The rest of this offering builds upon these two central chapters. Surveying Scriptural numerous references to God's wrath, the authors show how their argument plays out in individual cases of wrath. Sodom and Gomorrah is a case in point. God's wrath that burned again the people of Sodom and Gomorrah was not random or unprovoked. They chose their fate by rejecting God. Abraham pleaded for them, but no one righteous could be found. In His love, God provided a way out, but they rejected this. This leads to the outpouring of God's wrath. Wrath . . . but wrath with a purpose.
While this book is extremely informative and creative in its approach to the question of the purpose and meaning of God's wrath, there are some challenges. The first is their use of personification (or more exact, the over use of personification. Throughout the book, primarily in the first chapter, Kinghorn and Travis makes the argument that we can understand God's wrath and love by understanding our own love and wrath. Personification can be helpful, but it does have limits. These limits are not acknowledged sufficiently by the authors. Another point of weakness in the text is the lack of applying this distinction between love and wrath to modern times.
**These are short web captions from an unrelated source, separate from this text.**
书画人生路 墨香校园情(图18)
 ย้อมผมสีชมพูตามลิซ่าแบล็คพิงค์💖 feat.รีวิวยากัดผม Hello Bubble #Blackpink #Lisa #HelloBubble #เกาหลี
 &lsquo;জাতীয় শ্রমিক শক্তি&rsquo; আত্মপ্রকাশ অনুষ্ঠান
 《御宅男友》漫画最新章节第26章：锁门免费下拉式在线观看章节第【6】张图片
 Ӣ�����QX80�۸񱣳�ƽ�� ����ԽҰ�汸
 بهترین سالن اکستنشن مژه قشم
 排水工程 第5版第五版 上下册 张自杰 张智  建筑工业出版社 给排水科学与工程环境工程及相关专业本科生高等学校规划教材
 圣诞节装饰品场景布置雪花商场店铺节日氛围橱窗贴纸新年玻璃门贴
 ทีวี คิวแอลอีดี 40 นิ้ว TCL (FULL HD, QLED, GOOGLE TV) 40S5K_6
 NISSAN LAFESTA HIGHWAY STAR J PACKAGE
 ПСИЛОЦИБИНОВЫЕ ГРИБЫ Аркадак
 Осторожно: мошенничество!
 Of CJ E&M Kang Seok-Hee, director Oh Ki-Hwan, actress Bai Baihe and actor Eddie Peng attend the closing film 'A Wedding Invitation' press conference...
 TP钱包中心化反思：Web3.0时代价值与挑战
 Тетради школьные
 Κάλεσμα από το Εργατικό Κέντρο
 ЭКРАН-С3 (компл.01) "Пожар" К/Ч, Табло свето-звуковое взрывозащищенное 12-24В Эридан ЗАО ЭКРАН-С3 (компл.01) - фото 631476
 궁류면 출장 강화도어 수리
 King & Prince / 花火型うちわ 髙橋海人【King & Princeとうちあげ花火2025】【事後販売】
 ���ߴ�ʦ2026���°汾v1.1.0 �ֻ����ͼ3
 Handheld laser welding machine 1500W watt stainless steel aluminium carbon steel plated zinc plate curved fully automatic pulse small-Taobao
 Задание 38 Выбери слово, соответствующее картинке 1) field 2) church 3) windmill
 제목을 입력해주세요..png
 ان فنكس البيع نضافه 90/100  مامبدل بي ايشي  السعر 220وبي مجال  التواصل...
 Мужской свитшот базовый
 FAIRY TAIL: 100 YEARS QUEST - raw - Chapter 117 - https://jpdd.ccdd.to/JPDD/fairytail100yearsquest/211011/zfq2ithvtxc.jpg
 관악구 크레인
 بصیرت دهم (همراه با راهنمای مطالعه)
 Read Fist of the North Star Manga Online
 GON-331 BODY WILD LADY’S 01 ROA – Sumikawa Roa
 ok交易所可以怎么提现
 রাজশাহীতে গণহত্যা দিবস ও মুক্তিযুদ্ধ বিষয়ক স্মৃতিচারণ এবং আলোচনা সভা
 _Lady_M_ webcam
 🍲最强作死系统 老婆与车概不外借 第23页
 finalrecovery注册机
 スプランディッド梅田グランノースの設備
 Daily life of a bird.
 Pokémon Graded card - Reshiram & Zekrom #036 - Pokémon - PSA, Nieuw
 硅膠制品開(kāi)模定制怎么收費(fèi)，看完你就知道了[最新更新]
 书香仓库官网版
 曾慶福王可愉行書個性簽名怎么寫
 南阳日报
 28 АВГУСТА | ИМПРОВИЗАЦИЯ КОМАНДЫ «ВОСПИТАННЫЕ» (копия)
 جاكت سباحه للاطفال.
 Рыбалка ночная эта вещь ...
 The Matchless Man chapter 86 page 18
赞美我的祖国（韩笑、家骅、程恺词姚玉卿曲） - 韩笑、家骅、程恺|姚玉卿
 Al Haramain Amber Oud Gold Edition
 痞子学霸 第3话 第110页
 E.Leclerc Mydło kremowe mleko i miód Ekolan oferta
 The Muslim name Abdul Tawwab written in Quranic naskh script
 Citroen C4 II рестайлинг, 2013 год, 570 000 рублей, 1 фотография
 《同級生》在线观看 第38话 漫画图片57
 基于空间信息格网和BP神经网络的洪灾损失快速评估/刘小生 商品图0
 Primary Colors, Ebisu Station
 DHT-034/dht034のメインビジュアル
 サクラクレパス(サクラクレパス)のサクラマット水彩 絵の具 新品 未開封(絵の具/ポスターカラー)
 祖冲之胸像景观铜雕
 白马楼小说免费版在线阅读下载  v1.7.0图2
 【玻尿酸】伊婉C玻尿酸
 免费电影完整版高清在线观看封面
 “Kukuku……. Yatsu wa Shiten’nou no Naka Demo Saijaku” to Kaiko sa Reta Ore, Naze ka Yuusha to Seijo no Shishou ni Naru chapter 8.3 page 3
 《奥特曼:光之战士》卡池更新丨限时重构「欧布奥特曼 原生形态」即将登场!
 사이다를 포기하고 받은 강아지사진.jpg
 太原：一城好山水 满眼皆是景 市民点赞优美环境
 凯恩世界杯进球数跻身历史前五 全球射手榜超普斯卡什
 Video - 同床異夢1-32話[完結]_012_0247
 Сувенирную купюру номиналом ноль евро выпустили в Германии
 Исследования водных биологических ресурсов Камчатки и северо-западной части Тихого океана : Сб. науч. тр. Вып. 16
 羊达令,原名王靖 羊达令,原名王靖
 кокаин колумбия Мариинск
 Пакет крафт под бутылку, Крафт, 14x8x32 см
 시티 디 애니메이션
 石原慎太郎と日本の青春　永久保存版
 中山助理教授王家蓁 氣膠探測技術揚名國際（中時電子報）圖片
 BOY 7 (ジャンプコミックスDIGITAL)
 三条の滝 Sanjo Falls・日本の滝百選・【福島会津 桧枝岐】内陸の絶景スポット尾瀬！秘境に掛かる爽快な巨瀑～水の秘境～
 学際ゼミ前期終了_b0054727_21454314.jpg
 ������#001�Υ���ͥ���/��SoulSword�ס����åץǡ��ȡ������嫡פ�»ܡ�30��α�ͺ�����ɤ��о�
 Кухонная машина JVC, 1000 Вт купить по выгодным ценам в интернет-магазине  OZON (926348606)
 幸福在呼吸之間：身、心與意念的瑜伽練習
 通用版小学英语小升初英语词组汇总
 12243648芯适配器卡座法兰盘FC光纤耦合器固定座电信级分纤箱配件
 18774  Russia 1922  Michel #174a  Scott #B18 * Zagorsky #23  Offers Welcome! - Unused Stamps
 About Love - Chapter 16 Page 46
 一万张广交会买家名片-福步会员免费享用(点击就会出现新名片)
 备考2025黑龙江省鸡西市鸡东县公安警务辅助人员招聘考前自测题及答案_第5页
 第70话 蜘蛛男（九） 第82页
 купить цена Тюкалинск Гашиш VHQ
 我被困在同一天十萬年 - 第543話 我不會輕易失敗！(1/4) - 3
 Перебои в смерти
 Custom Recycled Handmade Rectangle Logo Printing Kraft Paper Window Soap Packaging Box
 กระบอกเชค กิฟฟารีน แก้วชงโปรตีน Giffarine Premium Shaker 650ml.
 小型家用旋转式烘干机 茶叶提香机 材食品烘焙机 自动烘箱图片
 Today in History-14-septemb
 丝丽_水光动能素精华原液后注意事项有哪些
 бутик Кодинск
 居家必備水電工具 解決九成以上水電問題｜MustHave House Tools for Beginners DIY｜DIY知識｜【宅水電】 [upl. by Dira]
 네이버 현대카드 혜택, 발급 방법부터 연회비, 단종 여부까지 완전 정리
Questions like why do bad things happen to good people or why do innocent people experience God's wrath are not answered.
Despite the challenges, this book is an excellent volume. The authors help the reader understand more fully how God operates and exists in his Trinitarian nature as they explain how wrath is a characteristic of God, but not a primary one. One can imagine future pastors and authors building on these concepts.